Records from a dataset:
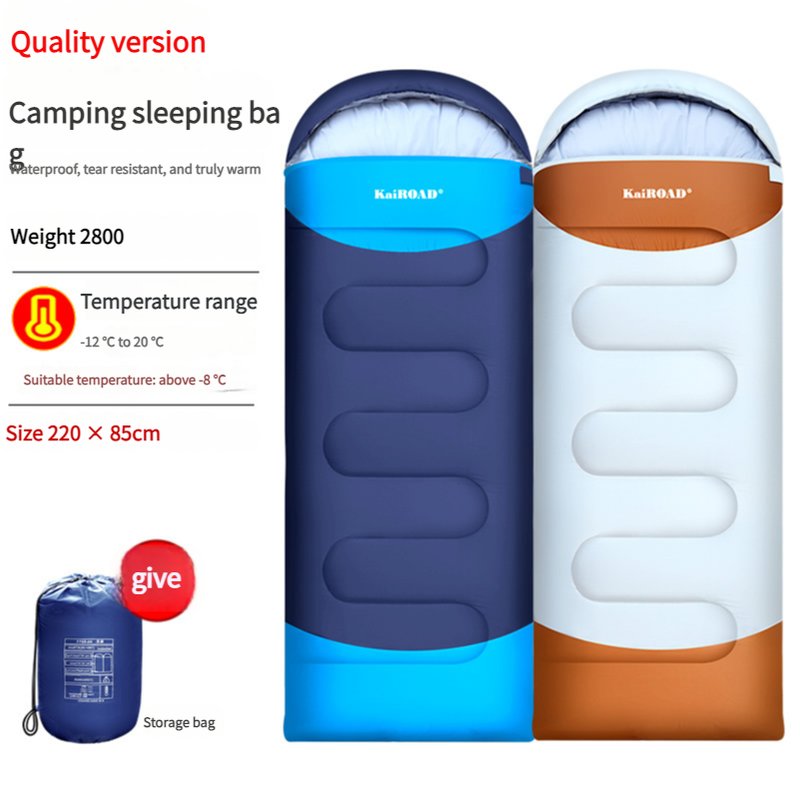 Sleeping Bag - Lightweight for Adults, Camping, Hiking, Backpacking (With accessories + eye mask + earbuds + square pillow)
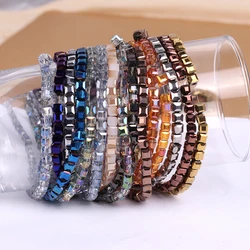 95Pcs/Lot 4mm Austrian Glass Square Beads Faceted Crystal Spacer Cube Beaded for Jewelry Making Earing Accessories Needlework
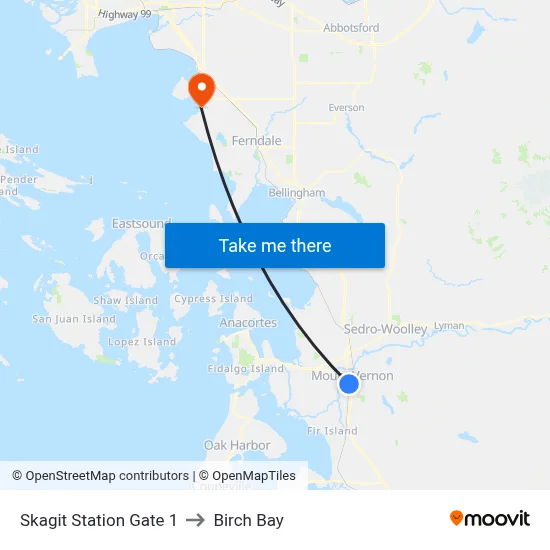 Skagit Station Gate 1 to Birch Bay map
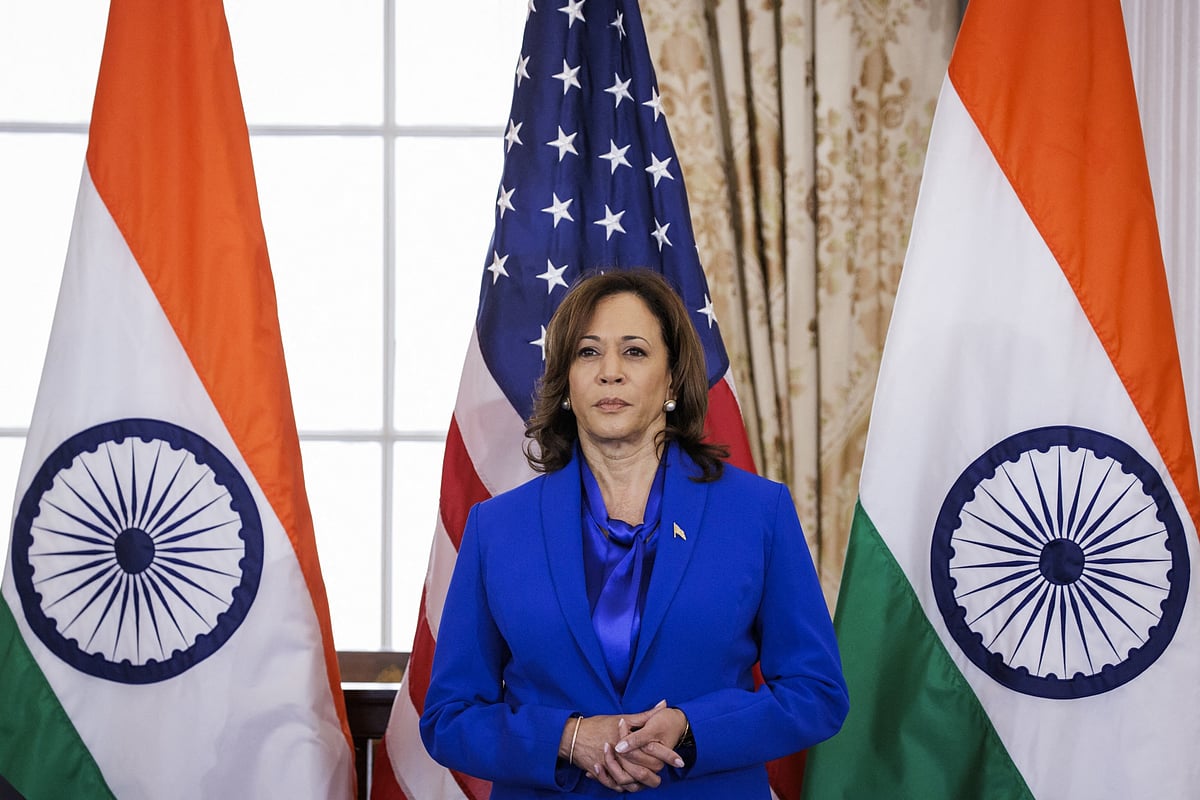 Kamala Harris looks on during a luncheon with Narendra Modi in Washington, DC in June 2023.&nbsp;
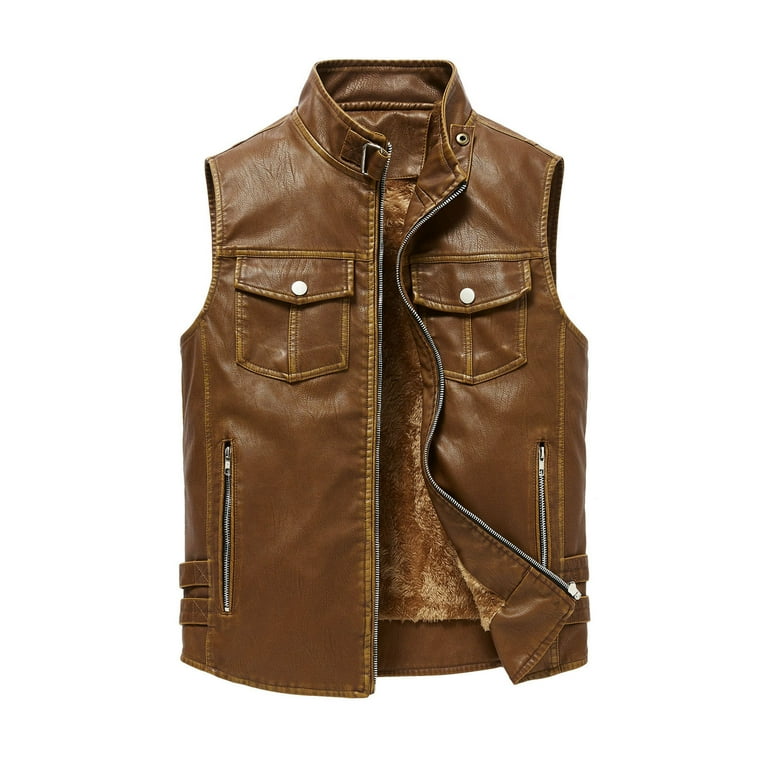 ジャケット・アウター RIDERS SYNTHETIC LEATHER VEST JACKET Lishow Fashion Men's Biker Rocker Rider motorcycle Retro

- DIRECTIONS
Omit all pictures while transcribing the entries verbatim.

- TASK RESULT
 Sleeping Bag - Lightweight for Adults, Camping, Hiking, Backpacking (With accessories + eye mask + earbuds + square pillow)
 95Pcs/Lot 4mm Austrian Glass Square Beads Faceted Crystal Spacer Cube Beaded for Jewelry Making Earing Accessories Needlework
 Skagit Station Gate 1 to Birch Bay map
 Kamala Harris looks on during a luncheon with Narendra Modi in Washington, DC in June 2023.&nbsp;
 ジャケット・アウター RIDERS SYNTHETIC LEATHER VEST JACKET Lishow Fashion Men's Biker Rocker Rider motorcycle Retro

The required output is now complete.